Eduardo Chillida decía que le gustaba vivir en la costa, cerca del mar, porque ahí es donde este acaba, y es justo ahí donde mejor comprendía cómo funcionaba, su naturaleza. Y esta idea quizá también retrata poéticamente algo achacable al ser humano. Quizá donde más aprendemos de nosotros mismos, de nosotras mismas, sea donde acaba lo que creemos, lo que consideramos inmutable y predecible, lo que hemos dado por ‘bueno’. De hecho, en tanto en cuanto el mundo se comparta según lo previsto o lo deseado –aunque el mundo se comporte a su manera y seamos nosotros quienes le añadamos etiquetas–, nos sentimos ‘bien’, entendemos que nos pasan cosas ‘buenas’.

La seguridad de poder predecir nos hace también sentir ‘bien’, incluso al clima que nos deja hacer lo que queremos lo llamamos ‘buen tiempo’. De modo similar, lo que se aleja de nuestra manera de pensar, de nuestro deseo, rápidamente lo catalogamos como ‘malo’, indeseable, o inconveniente. Sin embargo, quizá en esas confrontaciones, en esas disensiones e incomodidades, la diferencia nos haga, como en el mar de Chillida, conocer cómo funcionamos, al reconocer nuestros ‘bordes’, el límite de lo que consideramos nuestro o bueno.

En un primer momento parece difícil considerar algo que nos es incómodo como algo potencialmente bueno para uno, para una, y, sin embargo, esa incomodidad está cargada de potencial. Un contratiempo –de cierta envergadura– nos obliga a buscar activamente, y no con los automatismos de la rutina, entre la biblioteca de recursos, para escoger la mejor manera de sobrevivir pero también a activar la creatividad precisa para inventar el mundo del que viviremos tras el contratiempo. También nos obliga a reconsiderar creencias que dábamos por buenas, ideas fijadas en su momento al albor de un mundo pasado y que hemos usado hasta ese momento. El contratiempo nos da la oportunidad de revisar su inflexibilidad, su ‘totalidad’ y actualizarlas. También los contratiempos, a pesar de lo ‘malos’ que nos puedan resultar, nos dan permisos.

El hecho de que, empeñarnos en ser fuertes, por ejemplo, ante un revés de la vida, no pueda evitar el dolor –aunque lo transforme en amargura, la fortaleza no nos ‘libera’ por sí misma del dolor–, también nos da permiso para no tener que ‘ser fuerte’ como única estrategia. Es un fastidio que hoy no funcione si dicha fortaleza a ultranza ha servido en el pasado para afrontar otros momentos difíciles, pero el propio hecho de que no funcione nos libera de todo el esfuerzo, en este caso, inútil –más nos vale encontrar otras maneras si ser fuertes no es suficiente y, además, nos consume–. Lo que no sale bien también nos espabila, nos permite relativizar ese control férreo que a veces pensamos que tenemos que tener sobre todo lo que hacemos, nos recuerda que no somos infalibles, ni omnipotentes, ni somos tan centrales para el curso de según qué acontecimientos.

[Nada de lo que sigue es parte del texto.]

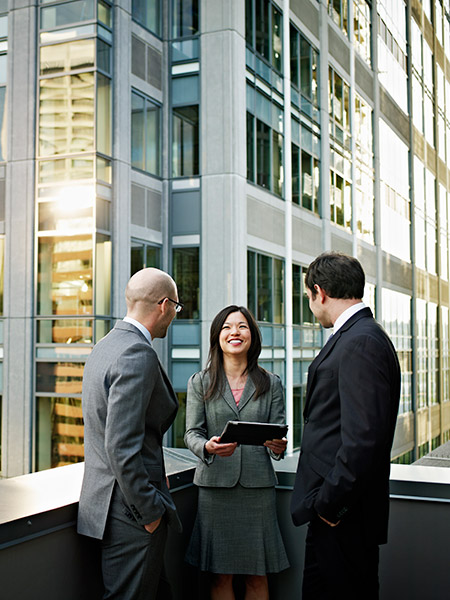 A female professional and two male professionals are engaging in trivial conversation on the balcony of the building.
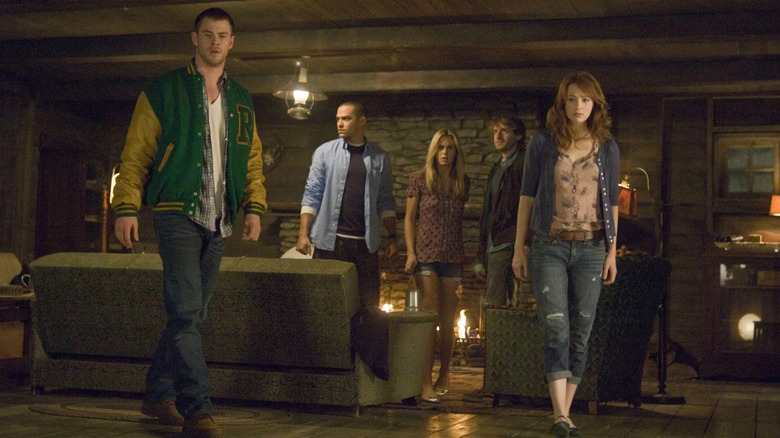 Curt Holden Jules Marty and Dana in the cabin looking scared in The Cabin in the Woods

No ‘llegar’ puede ser frustrante pero abre las preguntas ‘¿para qué tengo que llegar?’, ‘¿es mía toda la responsabilidad?’, ‘¿qué pasa si compruebo que todo mi esfuerzo influye solo en un pequeño tanto por ciento del resultado?’… Lo malo que nos pasa, a veces puede también volvernos más tolerantes ante los errores de otros, las decisiones que no compartimos o los efectos inesperados más allá de nosotros, de nosotras. E incluso cabe a menudo pensar que ciertas cosas ‘malas’ que nos pasan –ni mucho menos todas–, han sido en otro momento para bien; al menos, hoy somos quienes somos también gracias a ‘lo malo’ que tuvimos que atravesar.